In looking at the sample space... a primary concern is being able to accurately identify or calculate the number of arrangements of items.

Two difficulties that we run into include:

* dealing with duplicates
* arranging by individual items versus types of items

Two help us with calculating the number of arrangements in a sample space, we will look at factorials, permutations and combinations (with and without replacement).

# Factorials

A **factorial** is the product of every whole number from `n` to 1. Factorials are written in the following manner:

$\Large n!$

For example:

$\Large 2! = 2 \times 1 = 2$

$\Large 3! = 3 \times 2 \times 1 = 6$

$\Large 4! = 4 \times 3 \times 2 \times 1 = 24$

$\Large 10! = 10 \times 9 \times 8 \times 7 \times 6 \times 5 \times 4 \times 3 \times 2 \times 1 = 3628800$

Factorials present an easy way to write certain large numbers and are often used in statistics, especially in terms of calculating permutations and combinations.

A great attribute of factorials is that when performing math with factorials, you can often simplify your work greatly if you need to do things by hand OR want to get a rough order of magnitude. In this example, the :

$\Large \frac{5!}{3!} = \frac{5 \times 4 \times 3 \times 2 \times 1}{3 \times 2 \times 1} = \frac{5 \times 4}{1}  = 20$

$\Large \frac{5!  \times 4!}{3! \times 2!} =
 \frac{5 \times 4 \times 3 \times 2 \times 1}{3 \times 2 \times 1 } \times \frac{4 \times 3 \times 2 \times 1 }{\times 2 \times 1}
      {} = \frac{5 \times 4}{1} \times \frac{4 \times 3}{1} = 20 \times 12 = 240$



# Permutations and Combinations

## Definitions:





* permutations                    # (w/o rep)
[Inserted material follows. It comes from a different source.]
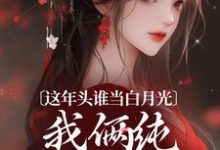 这年头谁当白月光,我俩纯纯走剧情小说资源求分享,这年头谁当白月光,我俩纯纯走剧情温沅李昭在线阅读-逐鹿文学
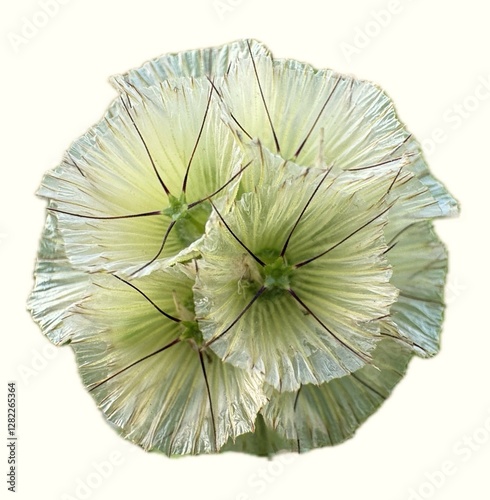 Lomelosia simplex flower isolated. Scabiosa simplex, a Lomelosia simplex, a specie of white yellow flower. White yellow flower on the white background.
 photo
$\Large\frac{n!}{(n - k)!}$

* combinations

$\Large\frac{n!}{k!(n - k)!}$

* product

$\Large n^k$

* combinations with replacement

$\Large\frac{(k + n - 1)!}{k!(n - 1)!}$

||Without replacement|With replacement|
|:-|:-|:-|
|**Order matters**|permutations|product???|
|**Order doesn't matter**|combinations|combinations with rep|

In [None]:
# handmade calcs?

# factorial 

def factorial(n):
    
    
    if n == 1:
        return 1
    elif n >= 2:
        return n * factorial(n - 1)
    elif n == 0:
        return 1

In [None]:
# perms

factorial(3) / factorial(3 - 2)

In [None]:
# combs

factorial(3) / (factorial(2) * factorial(3 - 2))

In [None]:
# prod

3 ** 2

In [None]:
# combs with rep...

factorial(2 + 3 - 1) / (factorial(2) * factorial(3 - 1))

In [None]:
# Warning... using a roll-your-solution is often not the best plan
#            if performance is goal, but can be useful to learn new things.
#            # 32-bit integers max out around 12!
#            # 64-bit integers max out around 20!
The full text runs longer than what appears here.